Stability-Indicating Validated Novel RP-HPLC Method for Simultaneous Estimation of Methylparaben, Ketoconazole, and Mometasone Furoate in Topical Pharmaceutical Dosage Formulation

1Analytical Research and Development, Integrated Product Development, Dr. Reddy’s Laboratories Ltd., Bachupally, Andhra Pradesh, Hyderabad 500090, India
2Department of Chemistry, National Institute of Technology, West Bengal, Durgapur 713209, India

Received 3 June 2013; Accepted 7 July 2013

Academic Editors: T. Macko, M. Özgür, and I. Zhukov

Copyright © 2013 Chinmoy Roy and Jitamanyu Chakrabarty.
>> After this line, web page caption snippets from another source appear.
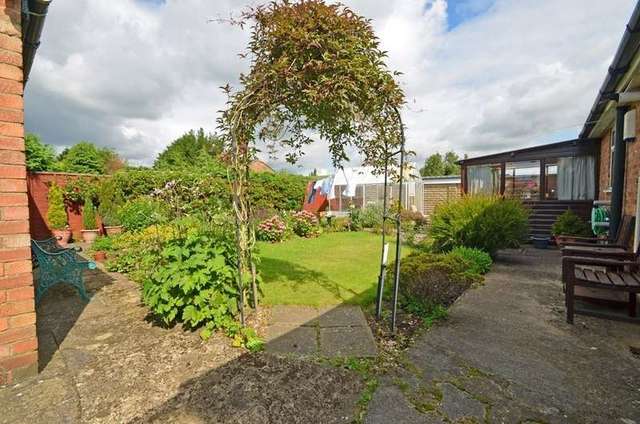  Image of 3 bedroom Detached house for sale in Landseer Close Hillmorton Rugby CV21 at Landseer Close  Rugby, CV21 4DE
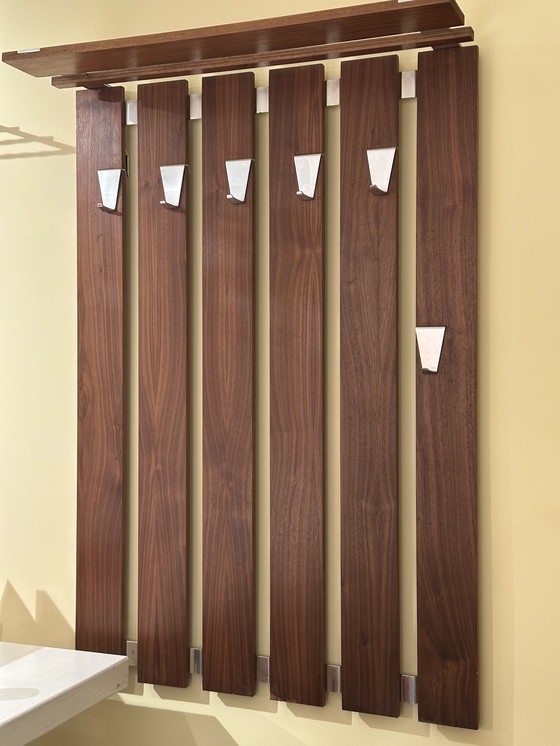 Image 1 of Porte-manteau vintage en teck et chrome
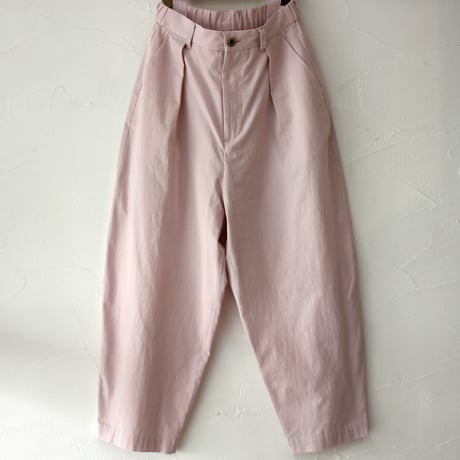 atelier naruse アトリエナルセ　コットンツイルタックパンツ　cotton twill tuck pants　#ピンク、チャコール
This is an open access article distributed under the Creative Commons Attribution License, which permits unrestricted use, distribution, and reproduction in any medium, provided the original work is properly cited.

Abstract

A simple, specific, precise, and accurate RP-HPLC method has been developed and validated for simultaneous estimation of Methylparaben (MP), Ketoconazole (KT), and Mometasone Furoate (MF) topical pharmaceutical dosage formulation. The separation was achieved by Waters X Terra C18 column using mobile phase consisting of buffer (triethyl amine in water, pH adjusted to 6.5 with glacial acetic acid)-acetonitrile (40 : 60, v/v) at a flow rate of 1.5 mL/min and detection at 250 nm. The method showed linearity with correlation coefficient <0.9999 over the range of 0.12–15.2 μg/mL, 0.67–149.4 μg/mL, and 0.42–7.6 μg/mL for MP, KT, and MF, respectively. The mean recoveries were found to be in the range of 99.9–101.1% for all the components. The method was validated as per the ICH guidelines for linearity, limit of detection, limit of quantification, accuracy, precision, robustness and solution stability. Stability indicating capability of the developed method was established by analyzing forced degradation of samples in which spectral purity of MP, KT, and MF along with separation of degradation products from analytes peak was achieved. The method can be successfully applied for routine analysis of quantitative determination of MP, KT, and MF in pharmaceutical dosage form.